__Exercise aim__. Repeat the data in full. Drop every picture.

(Stored data entries)
Start of Block
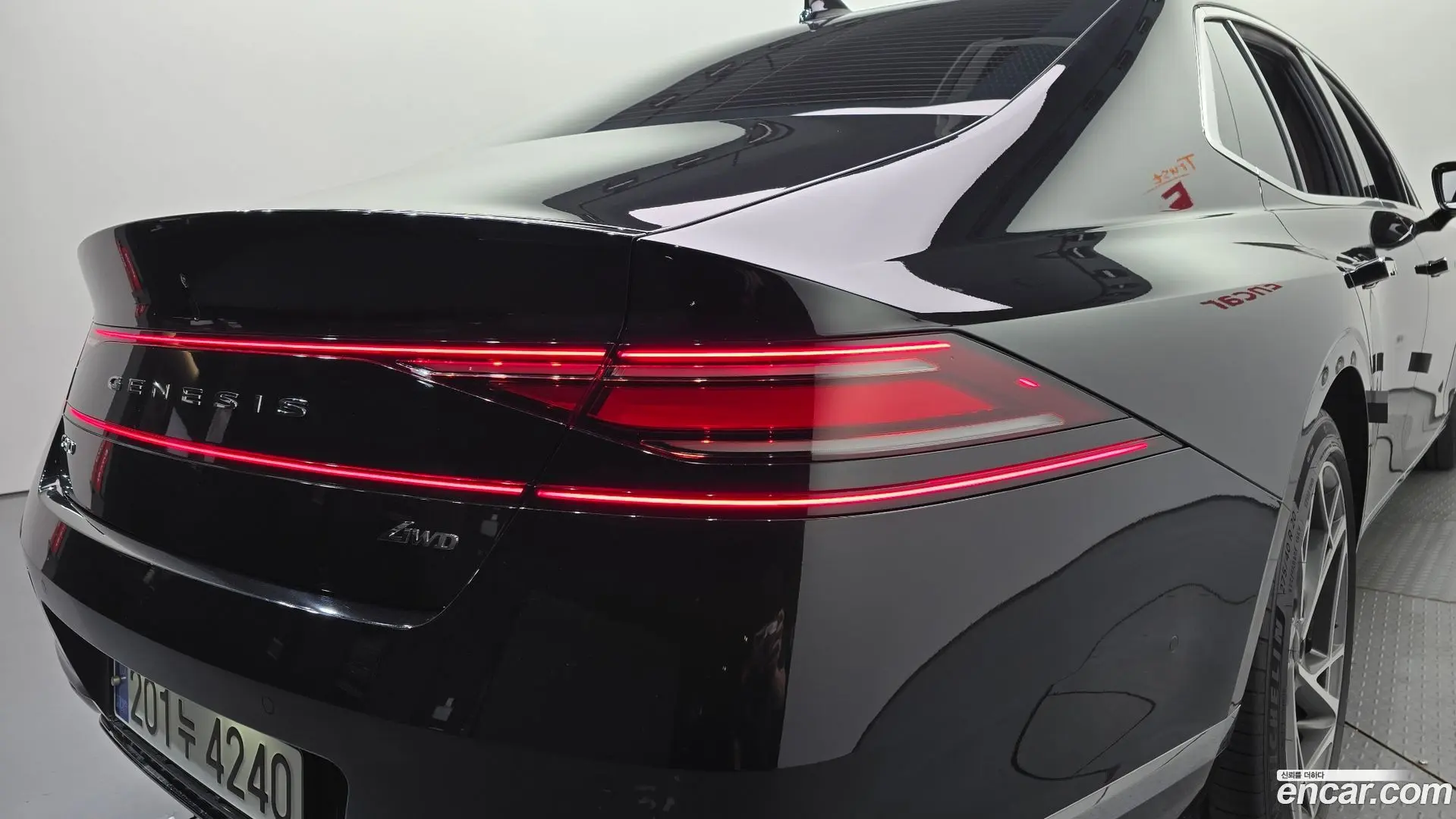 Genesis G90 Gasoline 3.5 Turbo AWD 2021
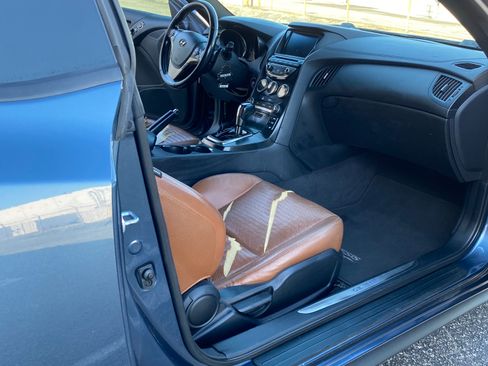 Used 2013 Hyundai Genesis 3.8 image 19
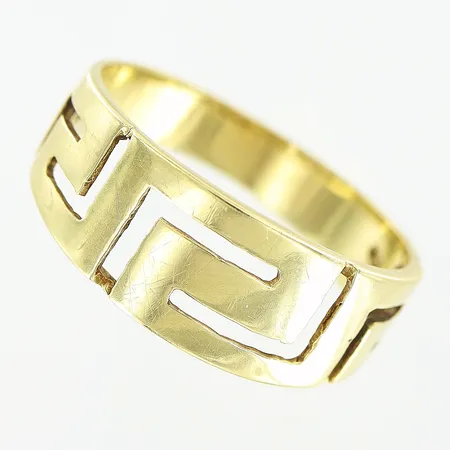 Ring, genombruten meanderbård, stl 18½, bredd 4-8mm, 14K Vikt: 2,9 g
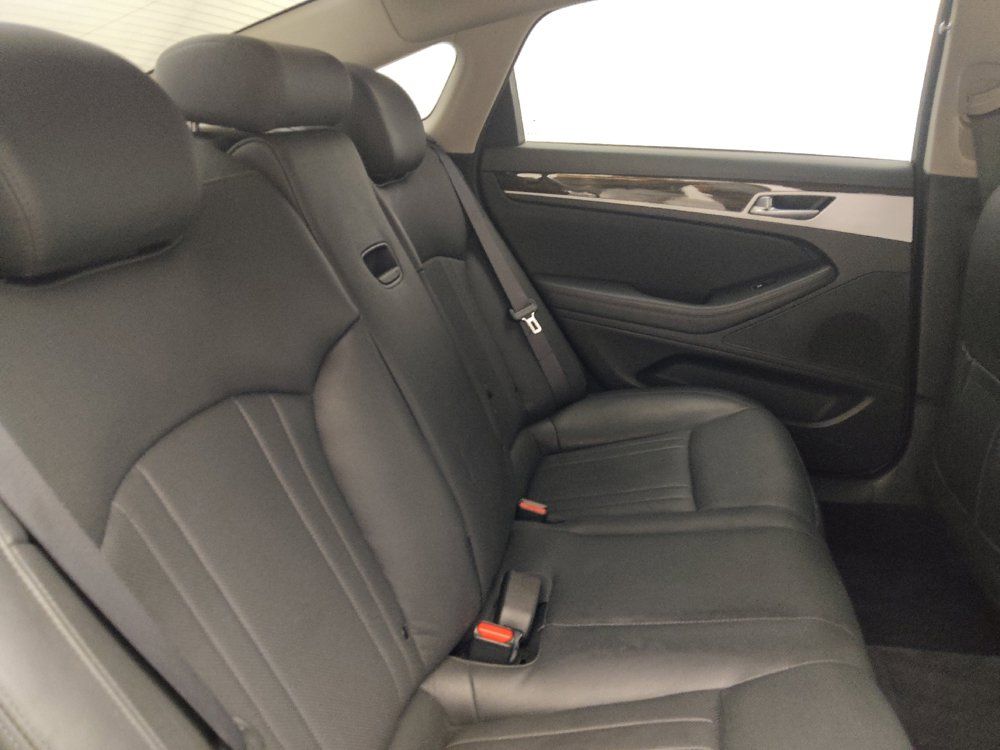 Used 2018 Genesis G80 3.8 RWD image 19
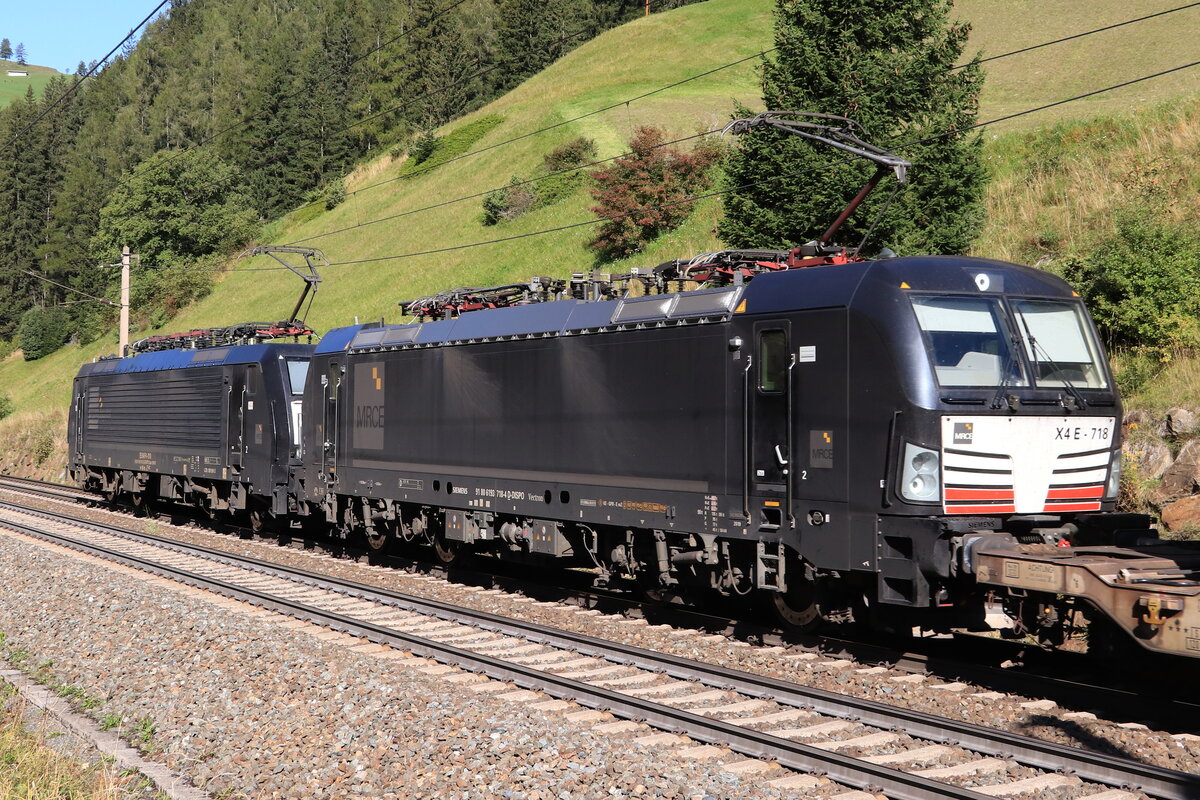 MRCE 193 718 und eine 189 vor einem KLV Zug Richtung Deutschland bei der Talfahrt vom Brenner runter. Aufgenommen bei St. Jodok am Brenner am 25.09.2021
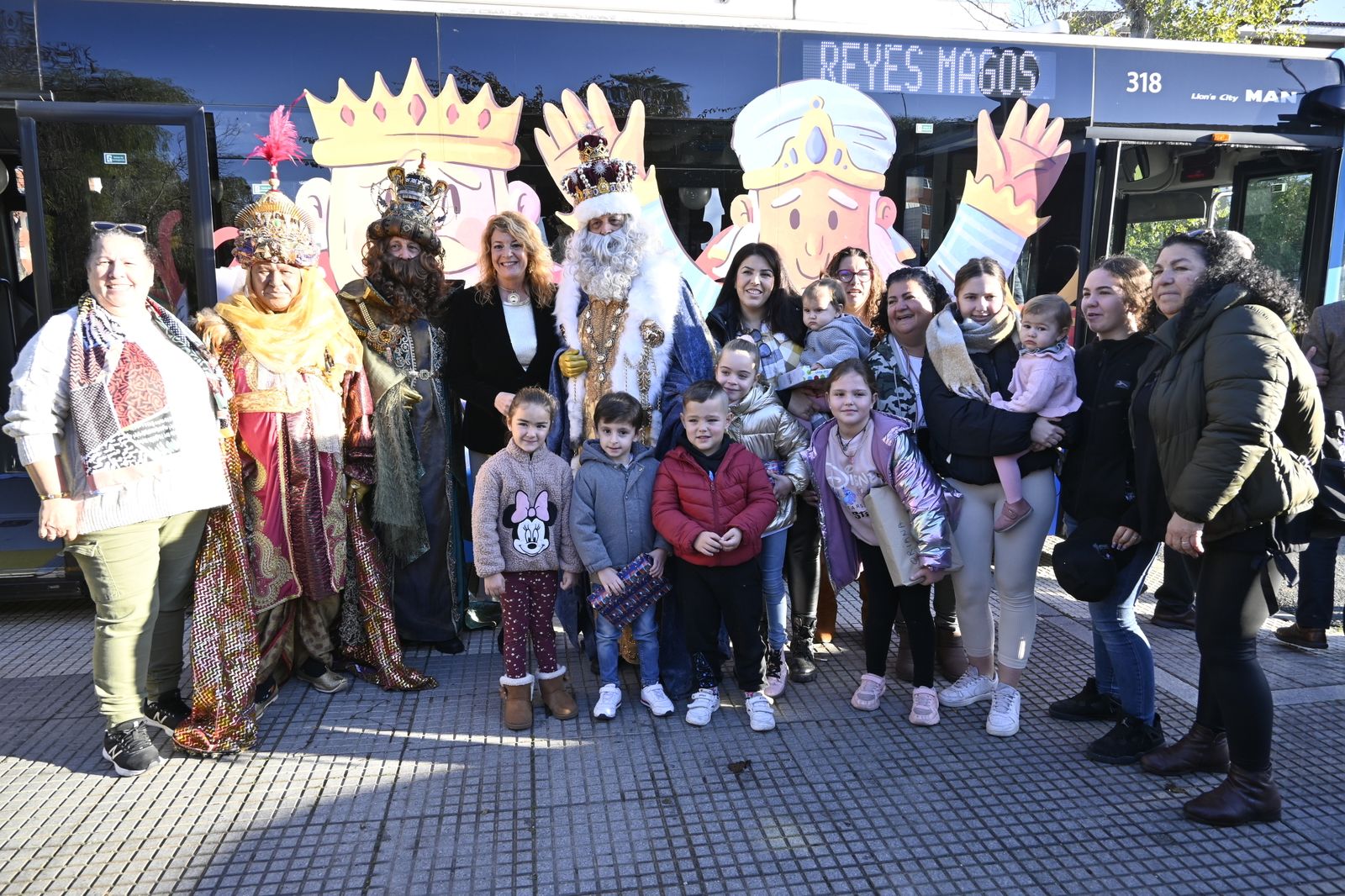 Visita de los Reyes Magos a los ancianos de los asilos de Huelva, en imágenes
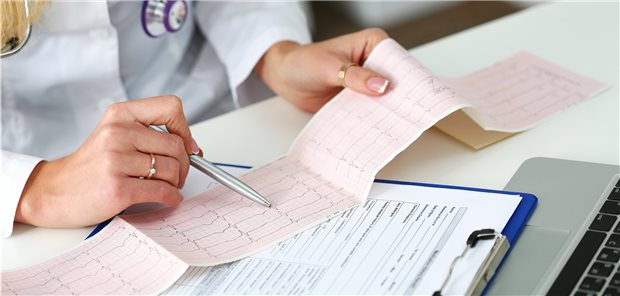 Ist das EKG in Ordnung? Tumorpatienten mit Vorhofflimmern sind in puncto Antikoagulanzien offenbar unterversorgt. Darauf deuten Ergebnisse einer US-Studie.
End of Block
__The completed task__.
 Genesis G90 Gasoline 3.5 Turbo AWD 2021
 Used 2013 Hyundai Genesis 3.8 image 19
 Ring, genombruten meanderbård, stl 18½, bredd 4-8mm, 14K Vikt: 2,9 g
 Used 2018 Genesis G80 3.8 RWD image 19
 MRCE 193 718 und eine 189 vor einem KLV Zug Richtung Deutschland bei der Talfahrt vom Brenner runter. Aufgenommen bei St. Jodok am Brenner am 25.09.2021
 Visita de los Reyes Magos a los ancianos de los asilos de Huelva, en imágenes
 Ist das EKG in Ordnung? Tumorpatienten mit Vorhofflimmern sind in puncto Antikoagulanzien offenbar unterversorgt. Darauf deuten Ergebnisse einer US-Studie.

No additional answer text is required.